Metadata-Version: 2.1
Name: abstcal
Version: 0.5
Summary: Calculate abstinence using the timeline followback data in substance research
Home-page: https://github.com/ycui1/abstcal
Author: Yong Cui
Author-email: yong.cui01@gmail.com
License: UNKNOWN
Platform: UNKNOWN
Classifier: Programming Language :: Python :: 3
Classifier: License :: OSI Approved :: MIT License
Classifier: Operating System :: OS Independent
Requires-Python: >=3.6
Description-Content-Type: text/markdown

# Abstinence Calculator

A Python package to calculate abstinence results using the timeline followback interview data

## Installation
Install the package using the pip tool.
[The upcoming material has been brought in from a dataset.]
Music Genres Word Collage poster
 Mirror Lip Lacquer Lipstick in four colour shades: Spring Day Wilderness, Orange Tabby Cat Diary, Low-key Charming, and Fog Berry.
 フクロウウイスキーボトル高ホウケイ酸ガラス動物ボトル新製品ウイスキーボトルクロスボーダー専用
If you need instruction on how to install Python, you 
can find information at the [Python](https://www.python.org/) website. The pip tool is the most 
common Python package management tool, and you can find information about its use instruction at the 
[pypa](https://pip.pypa.io/en/stable/installing/) website.

If you're not familiar with Python coding, you can run the [Jupyter Notebook](https://github.com/ycui1/abstcal/blob/eb290f468db5f35ccf3922f5fc0151cbeb8fe7af/abstcal_example_code.ipynb) 
included on this page on [Google Colab](https://colab.research.google.com), which is an online platform 
to run your Python code remotely on a server.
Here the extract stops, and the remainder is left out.